In their report, the ISAB questioned whether the continuing discussion over stock and recruitment analyses, environmental covariates and the value of upriver (Snake River) versus downriver (John Day) stocks "is productive."
They said, "compared to the value of PIT-tag information, stock/recruit (S/R) analyses are a blunt instrument for assessment of annual delayed mortality." The ISAB said "numerous" authors are now using PIT tag data to support S/R findings, estimating smolt-to-adult survival rates and recruitment to age classes after fish have entered the ocean.
The panel's coolness toward the Petrosky-Schaller hypotheses may have also had something to do with the contents of a January report received from ex-ISAB member, Dan Goodman, a statistician from Montana State University. Goodman pointed out some measurement issues to do with stock-recruit estimates, "Wild smolt production is almost unknown; estimates of wild spawning populations are very uncertain; "brood" tables are estimates, not data, with uncertain age assessments and stray assignments; uncertainty in brood tables is usually ignored in subsequent statistics."
Goodman also noted that upstream downstream comparisons were "confounded by stock effects," a point NMFS scientists had been making for years, that natural variabilities in freshwater survivals of stocks and data constraints created enough uncertainty to render such estimates of latent mortality misleading and essentially useless (NMFS Technical Effects Memo, 2005).

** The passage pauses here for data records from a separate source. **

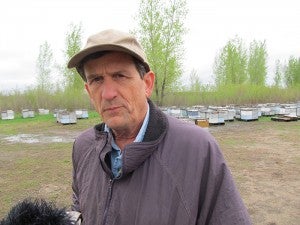 Beekeeper Steve Ellis stands in a bee yard where about 1,300 hives wait to be placed in fields for summer honey production. Thousands of bees recently died, and Ellis blames neonicotinoid pesticides. Ellis expects his hives to be much less productive this year.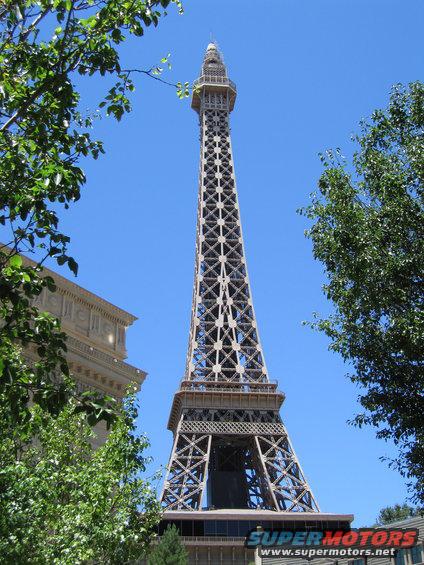 Eiffel Tower replica with trees and a building in front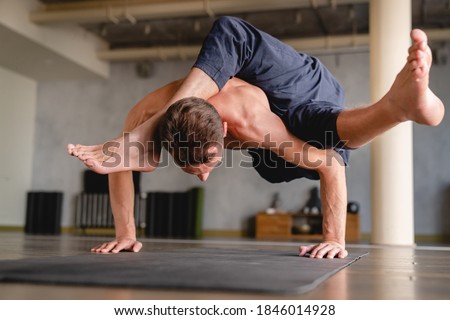 Strong male yogi standing on his hands with both feet in the air indoors Royalty-Free Stock Photo #1846014928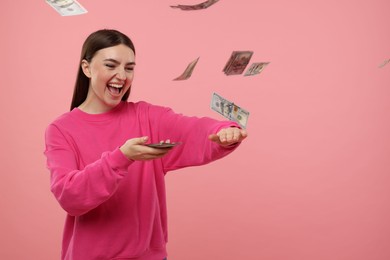 Photo of Happy woman throwing money on pink background, space for text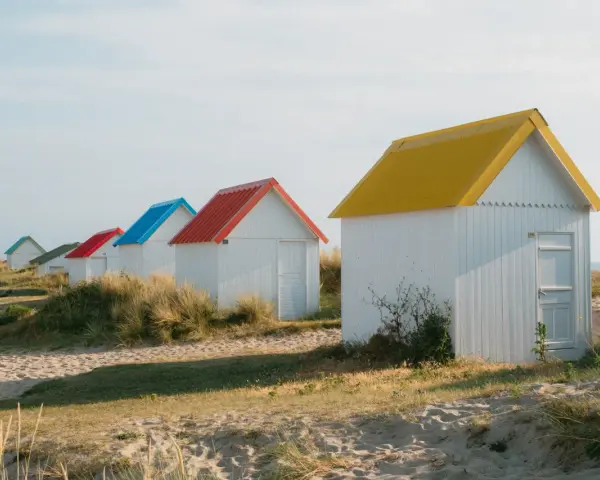 Cabanes de plage colorées à Gouville-sur-Mer : découvrez les activités nautiques et les promenades sur le sable.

One hypothesis by NMFS scientists Mark Sheuerell and Rich Zabel suggests that the difference between post-Bonneville Dam smolt-to-adult returns is a function of arrival time below the last dam, and a year-effect. Earlier arriving fish survive better, they say.
Such differences between barged and inriver fish might also be due to differences in fish size--barged fish tend to be smaller and more vulnerable to predators. That factor, combined with timing of ocean entry could explain plain much of the mortality, especially that which occurs early in the season, according to a hypothesis from NMFS researcher Bill Muir.
Other hypotheses suggested that annual ratios of barged to inriver SARs, called 'D,' can be developed in a variety of ways. Looking at a finer time-scale, another hypothesis suggested these changing ratios within a season show that fish should be barged later than in previous years to survive to adulthood at higher rates.
The ISAB also examined a hypothesis from Canadian researcher David Welch, who is leading an effort to track smolts in the ocean with a series of acoustic arrays along the continental shelf. Welch's hypothesis suggests that the mortality of barged fish shifts to a time when the fish are beyond the hydro system, given the assumption that they experience a fixed rate of mortality--and that "culling" is the primary cause for in-river morality experienced through the hydro system.
The ISAB didn't think much of the fixed rate of mortality.
The panel also said it had little use for any hypothesis that used a SAR that remained constant for a full year, or even season, or for a particular project, which cut to the heart of the state/tribal hypotheses. But they said they should be able to convert sets of project operations into changes of water travel time for any week or season, "so it should be possible to assess the impact of changing WTT on SARs."
As for the state/tribal hypothesis based on upriver/downriver comparisons, the ISAB said it wasn't helpful in weighing operational alternatives. The panel said it could be tested only if enough adult fish return from tagged groups over the next several years.
However, it will take even longer to unravel most of the mysteries of fish mortality below Bonneville Dam, in the Columbia estuary, and the ocean, and how it varies with environmental conditions. The panel said it will take many more years of data collection from both acoustic and PIT tags "before this question can be assessed further." -B. R.